Ainsi l’Iran, aujourd’hui acculé par l’attaque massive lancée par Israël le 13 juin mais qui veut garder une certaine influence en Syrie, s’est historiquement opposé aux islamistes sunnites. Et Téhéran n’a pas complètement abandonné l’espoir de pouvoir réhabiliter le « couloir syrien » pour soutenir le Hezbollah au Liban, également affaibli.
Sous Netanyahou, Israël a lui aussi multiplié les opérations militaires en Syrie et élargi sa présence militaire sur le Golan.
Le Premier ministre israélien ne semble pas enclin à accepter une Syrie stable et unifiée sous un régime ex-djihadiste, craignant une forme d’islamisme « à la Hamas » — organisation qui n’est pourtant plus une référence aujourd’hui pour les partisans de l’Islam politique.

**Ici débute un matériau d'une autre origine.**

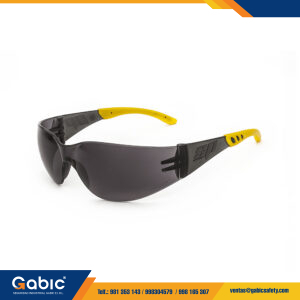 Lente Spyflex Oscuro AF – Steelpro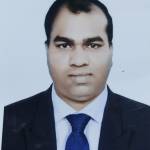 HRSD BANGLADESH Profile Picture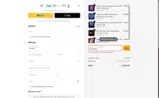 EASTERSALE coupon verification screenshot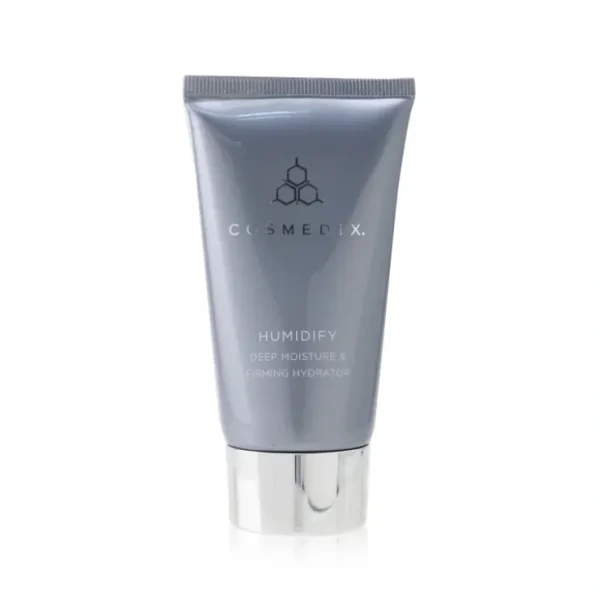 Complexion-care*CosMedix Humidify Deep Moisture Cream (Unboxed) 74g/2.6oz - GlowEssence Care - Embrace the Essence of Radiance with Premium Skincare Solutions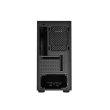 Корпус Xigmatek Nemesis M (EN43736)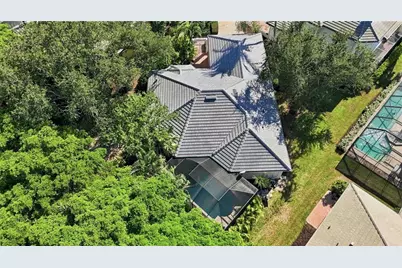 1354 Tearose Place, Sarasota, FL 34239 - Photo 59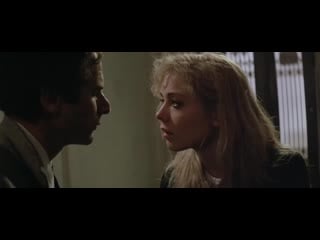 Нетерпение чувств / bad timing (1980)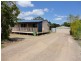 Yandina QLD 4561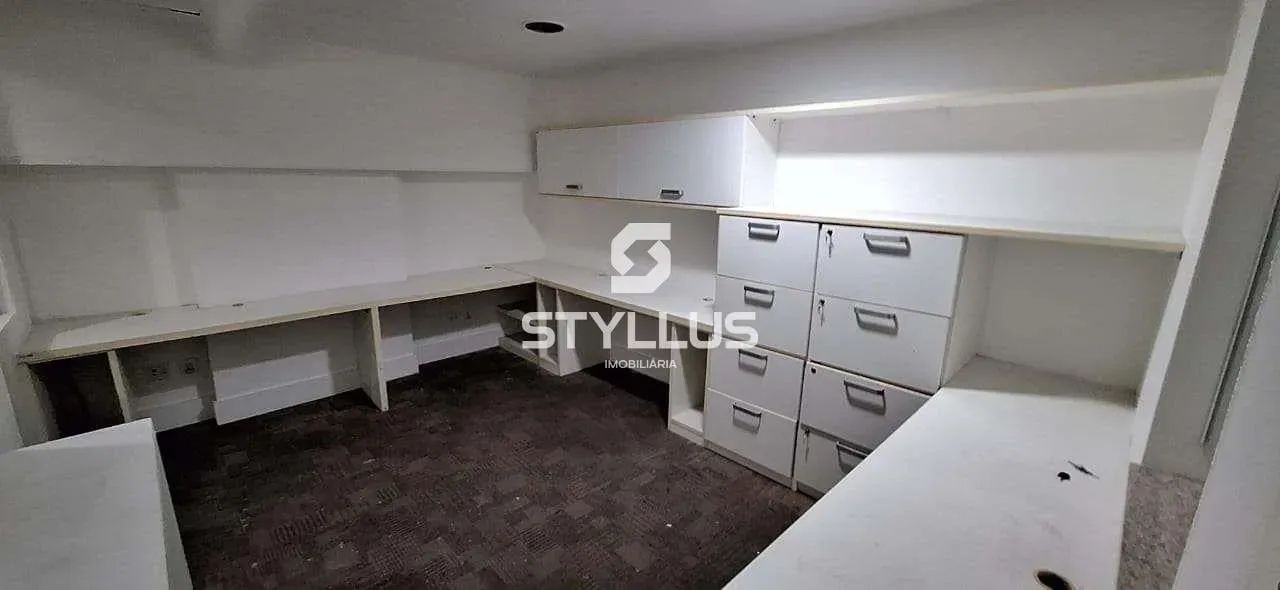 Freguesia (Jacarepaguá) | Prédio Comercial - Foto 7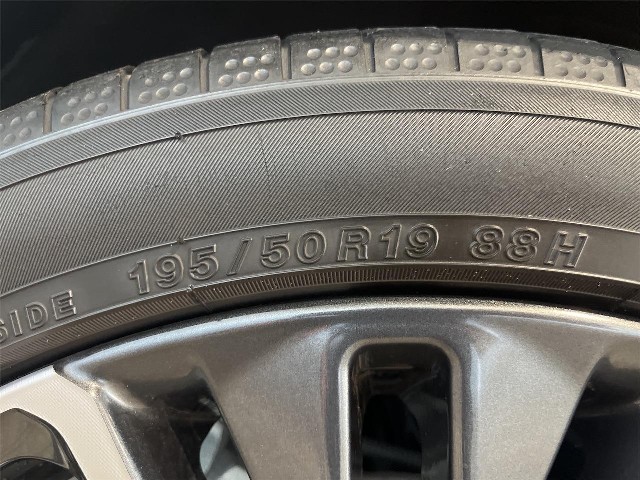 2e2d765d226b405d354615c0d619aa13.jpg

Damas, qui a certes assuré ne pas vouloir de confrontation avec Israël, reste de son côté confronté à la méfiance des islamistes qui, par le passé, ont affirmé vouloir la destruction de l’État juif. Si le pouvoir syrien venait à céder à cette mouvance, les conséquences pour la Syrie et la région pourraient être désastreuses.
Sources
- Descendante de Jabhat al-Nosra, Hayat Tahrir al-Cham ou HTC est une organisation relève d’un djihad national — par opposition à celui d’Al-Qaïda ou de Daech — créée par Al-Joulani. Centrée sur l’opposition au régime de Bachar al-Assad, pragmatique dans son recrutement, l’organisation reposait sur une culture militaire très avancée et une discipline rigoureuse.
- Aaron Y. Zelin, The Age of Political Jihadism. A Study of Hayat Tahrir al-Sham, Washington Institute, 2023.
- Le JNIM (littéralement : Groupe de soutien à l’Islam et aux musulmans) est une coalition djihadiste sahélienne issue de la fusion en mars 2017 d’Ansar Dine, de la katiba Al‑Mourabitoun, de l’aile saharienne d’AQMI et de la katiba Macina. Fidèle à Al‑Qaïda, elle est dirigée par le Malien Iyad Ag Ghali. Le JNIM étend sa présence sur un modèle étatique décentralisé, imposant la charia, taxant les populations et exploitant les économies illicites ; son influence s’est accrue ces dernières années : il est devenu la filiale d’Al-Qaïda la plus armée du Sahel.
- Publié pour la première fois sur Internet en 2004, إدارة التوحش : أخطر مرحلة ستمر بها الأمة est réputé être le « Mein Kampf des islamistes ». Al-Naji y détaille une stratégie de la terreur pour « restaurer le califat » à l’échelle planétaire en passant par une pression violente pour démoraliser et désarmer l’Occident. Ce document a été un manuel de stratégie pour Al-Qaïda et l’État islamique.
- L’attentat de l’hôtel Canal à Bagdad le 19 août 2003 avait fait 23 morts dont le représentant du Secrétaire général des Nations unies Kofi Annan en Irak, le Brésilien Sergio de Mello.